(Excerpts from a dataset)
★ ★ ★ ★

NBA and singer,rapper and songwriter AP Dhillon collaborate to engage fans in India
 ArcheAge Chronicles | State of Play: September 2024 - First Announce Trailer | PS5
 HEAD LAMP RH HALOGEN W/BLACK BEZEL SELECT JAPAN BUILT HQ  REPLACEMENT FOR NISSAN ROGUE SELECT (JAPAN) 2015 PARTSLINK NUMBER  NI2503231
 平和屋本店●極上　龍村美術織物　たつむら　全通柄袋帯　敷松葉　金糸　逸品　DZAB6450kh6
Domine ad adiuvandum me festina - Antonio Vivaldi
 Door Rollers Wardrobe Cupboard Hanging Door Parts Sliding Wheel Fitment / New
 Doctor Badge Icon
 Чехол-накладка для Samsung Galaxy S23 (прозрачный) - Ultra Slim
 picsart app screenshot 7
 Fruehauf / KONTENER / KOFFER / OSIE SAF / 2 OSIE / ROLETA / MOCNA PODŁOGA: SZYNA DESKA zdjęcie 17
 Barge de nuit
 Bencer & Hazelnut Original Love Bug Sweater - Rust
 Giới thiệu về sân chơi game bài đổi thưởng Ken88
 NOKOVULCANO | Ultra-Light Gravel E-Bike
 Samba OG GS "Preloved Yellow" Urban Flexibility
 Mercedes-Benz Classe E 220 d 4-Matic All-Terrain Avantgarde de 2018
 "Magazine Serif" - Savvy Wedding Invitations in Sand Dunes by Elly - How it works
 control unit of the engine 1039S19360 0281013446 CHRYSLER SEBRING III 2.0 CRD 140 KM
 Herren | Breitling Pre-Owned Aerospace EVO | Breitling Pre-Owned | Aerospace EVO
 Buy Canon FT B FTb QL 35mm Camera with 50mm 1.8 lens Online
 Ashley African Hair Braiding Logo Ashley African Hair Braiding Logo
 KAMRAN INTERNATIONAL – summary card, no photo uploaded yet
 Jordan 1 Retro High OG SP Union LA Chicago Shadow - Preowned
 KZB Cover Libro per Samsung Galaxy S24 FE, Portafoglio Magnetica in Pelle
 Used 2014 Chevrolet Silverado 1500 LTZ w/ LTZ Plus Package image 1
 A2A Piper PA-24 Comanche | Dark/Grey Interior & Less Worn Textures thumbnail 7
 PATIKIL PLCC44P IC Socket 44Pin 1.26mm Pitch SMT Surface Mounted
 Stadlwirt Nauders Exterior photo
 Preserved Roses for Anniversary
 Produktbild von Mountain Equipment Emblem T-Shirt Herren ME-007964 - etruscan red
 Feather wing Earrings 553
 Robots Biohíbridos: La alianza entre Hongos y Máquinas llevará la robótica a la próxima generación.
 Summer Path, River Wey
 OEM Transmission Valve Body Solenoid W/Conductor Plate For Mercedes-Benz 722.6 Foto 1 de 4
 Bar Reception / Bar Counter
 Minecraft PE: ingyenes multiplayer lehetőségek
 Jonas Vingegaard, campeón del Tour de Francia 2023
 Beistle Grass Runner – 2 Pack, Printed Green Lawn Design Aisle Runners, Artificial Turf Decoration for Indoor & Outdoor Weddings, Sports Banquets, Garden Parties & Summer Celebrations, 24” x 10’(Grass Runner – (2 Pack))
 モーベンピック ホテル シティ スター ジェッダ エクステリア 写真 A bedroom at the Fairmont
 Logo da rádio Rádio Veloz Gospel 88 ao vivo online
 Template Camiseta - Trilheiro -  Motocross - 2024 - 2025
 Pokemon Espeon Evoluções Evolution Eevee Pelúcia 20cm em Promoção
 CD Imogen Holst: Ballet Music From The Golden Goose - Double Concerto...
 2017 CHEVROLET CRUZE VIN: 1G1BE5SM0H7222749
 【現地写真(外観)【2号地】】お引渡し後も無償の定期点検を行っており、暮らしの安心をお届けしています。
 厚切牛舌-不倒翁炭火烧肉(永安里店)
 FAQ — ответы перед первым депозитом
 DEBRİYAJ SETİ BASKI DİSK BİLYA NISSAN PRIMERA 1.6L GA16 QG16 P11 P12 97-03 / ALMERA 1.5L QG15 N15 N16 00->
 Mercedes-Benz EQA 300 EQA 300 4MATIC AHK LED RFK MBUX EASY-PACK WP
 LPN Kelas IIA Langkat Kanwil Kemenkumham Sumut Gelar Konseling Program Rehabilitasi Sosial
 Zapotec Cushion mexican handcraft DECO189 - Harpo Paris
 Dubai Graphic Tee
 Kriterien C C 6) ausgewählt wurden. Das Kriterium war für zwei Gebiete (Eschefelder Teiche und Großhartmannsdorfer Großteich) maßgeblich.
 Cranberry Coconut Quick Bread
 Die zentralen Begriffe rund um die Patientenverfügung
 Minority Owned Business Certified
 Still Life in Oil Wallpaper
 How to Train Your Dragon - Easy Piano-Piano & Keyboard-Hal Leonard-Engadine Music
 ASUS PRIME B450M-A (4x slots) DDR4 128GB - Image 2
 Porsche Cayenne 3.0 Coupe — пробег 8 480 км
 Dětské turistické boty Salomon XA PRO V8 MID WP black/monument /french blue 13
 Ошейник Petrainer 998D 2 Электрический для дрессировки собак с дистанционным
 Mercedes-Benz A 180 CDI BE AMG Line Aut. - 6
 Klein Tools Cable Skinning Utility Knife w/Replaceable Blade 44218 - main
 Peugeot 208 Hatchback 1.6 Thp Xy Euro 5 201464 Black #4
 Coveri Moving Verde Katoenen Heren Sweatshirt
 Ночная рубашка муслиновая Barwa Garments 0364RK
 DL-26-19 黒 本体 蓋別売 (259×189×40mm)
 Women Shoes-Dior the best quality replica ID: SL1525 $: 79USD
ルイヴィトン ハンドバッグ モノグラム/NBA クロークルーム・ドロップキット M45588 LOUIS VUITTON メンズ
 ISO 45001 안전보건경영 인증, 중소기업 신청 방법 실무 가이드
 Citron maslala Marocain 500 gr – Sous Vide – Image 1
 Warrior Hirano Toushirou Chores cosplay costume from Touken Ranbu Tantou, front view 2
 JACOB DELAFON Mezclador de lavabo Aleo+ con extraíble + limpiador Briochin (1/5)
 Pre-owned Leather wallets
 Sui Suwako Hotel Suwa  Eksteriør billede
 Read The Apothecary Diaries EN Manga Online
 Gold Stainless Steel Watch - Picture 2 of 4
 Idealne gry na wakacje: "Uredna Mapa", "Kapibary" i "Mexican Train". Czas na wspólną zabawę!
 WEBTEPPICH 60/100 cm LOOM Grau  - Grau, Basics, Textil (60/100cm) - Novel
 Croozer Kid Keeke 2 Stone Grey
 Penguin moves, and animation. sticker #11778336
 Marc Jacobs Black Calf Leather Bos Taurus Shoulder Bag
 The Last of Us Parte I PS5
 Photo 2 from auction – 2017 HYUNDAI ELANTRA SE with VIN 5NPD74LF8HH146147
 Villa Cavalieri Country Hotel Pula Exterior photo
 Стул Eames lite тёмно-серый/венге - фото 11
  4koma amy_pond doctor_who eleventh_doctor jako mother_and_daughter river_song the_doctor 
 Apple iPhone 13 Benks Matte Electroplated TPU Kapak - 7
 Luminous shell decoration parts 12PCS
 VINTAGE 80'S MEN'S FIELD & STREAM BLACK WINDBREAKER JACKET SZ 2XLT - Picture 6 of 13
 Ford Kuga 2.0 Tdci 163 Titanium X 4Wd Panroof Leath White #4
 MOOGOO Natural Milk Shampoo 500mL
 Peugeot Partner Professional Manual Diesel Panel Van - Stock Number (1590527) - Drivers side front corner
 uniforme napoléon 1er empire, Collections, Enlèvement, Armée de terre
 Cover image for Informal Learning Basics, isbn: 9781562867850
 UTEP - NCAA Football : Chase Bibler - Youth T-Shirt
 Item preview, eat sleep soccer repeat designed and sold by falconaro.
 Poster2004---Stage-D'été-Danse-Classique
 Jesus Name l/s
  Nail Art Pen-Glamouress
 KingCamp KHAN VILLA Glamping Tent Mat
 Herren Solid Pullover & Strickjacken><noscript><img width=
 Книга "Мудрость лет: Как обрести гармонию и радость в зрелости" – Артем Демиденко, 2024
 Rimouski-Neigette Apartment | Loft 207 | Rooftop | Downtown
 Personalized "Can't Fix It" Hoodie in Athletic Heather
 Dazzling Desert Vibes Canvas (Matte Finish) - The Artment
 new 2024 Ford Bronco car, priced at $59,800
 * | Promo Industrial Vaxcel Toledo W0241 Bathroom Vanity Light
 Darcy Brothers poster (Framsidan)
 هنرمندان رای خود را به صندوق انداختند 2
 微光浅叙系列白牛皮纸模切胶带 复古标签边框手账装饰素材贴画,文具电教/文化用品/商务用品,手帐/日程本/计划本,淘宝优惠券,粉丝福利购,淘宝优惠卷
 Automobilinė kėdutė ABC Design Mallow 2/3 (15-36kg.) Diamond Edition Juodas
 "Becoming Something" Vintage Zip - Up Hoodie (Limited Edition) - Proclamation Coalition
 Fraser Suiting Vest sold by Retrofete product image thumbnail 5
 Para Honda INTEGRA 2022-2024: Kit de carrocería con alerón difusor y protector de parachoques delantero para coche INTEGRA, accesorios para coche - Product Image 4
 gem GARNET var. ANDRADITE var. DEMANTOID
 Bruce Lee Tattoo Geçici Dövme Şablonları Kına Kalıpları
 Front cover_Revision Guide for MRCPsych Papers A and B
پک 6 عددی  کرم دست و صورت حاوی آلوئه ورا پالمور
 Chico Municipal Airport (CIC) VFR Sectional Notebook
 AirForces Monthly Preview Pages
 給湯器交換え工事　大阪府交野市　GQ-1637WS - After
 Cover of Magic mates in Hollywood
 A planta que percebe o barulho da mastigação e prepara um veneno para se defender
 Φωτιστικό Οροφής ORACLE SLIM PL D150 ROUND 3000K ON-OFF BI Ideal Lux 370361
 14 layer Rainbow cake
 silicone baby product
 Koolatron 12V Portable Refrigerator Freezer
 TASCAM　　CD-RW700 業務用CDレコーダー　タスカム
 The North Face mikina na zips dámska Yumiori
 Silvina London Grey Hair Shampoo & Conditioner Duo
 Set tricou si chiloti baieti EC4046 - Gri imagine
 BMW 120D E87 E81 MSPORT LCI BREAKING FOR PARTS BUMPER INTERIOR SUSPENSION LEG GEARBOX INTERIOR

★ ★ ★ ★

→ **WHAT YOU ARE ASKED TO DO**:
Search the data above for the word "Peugeot" and show every line that has it.

→ **OUTPUT OF THE TASK**:
 Peugeot 208 Hatchback 1.6 Thp Xy Euro 5 201464 Black #4
 Peugeot Partner Professional Manual Diesel Panel Van - Stock Number (1590527) - Drivers side front corner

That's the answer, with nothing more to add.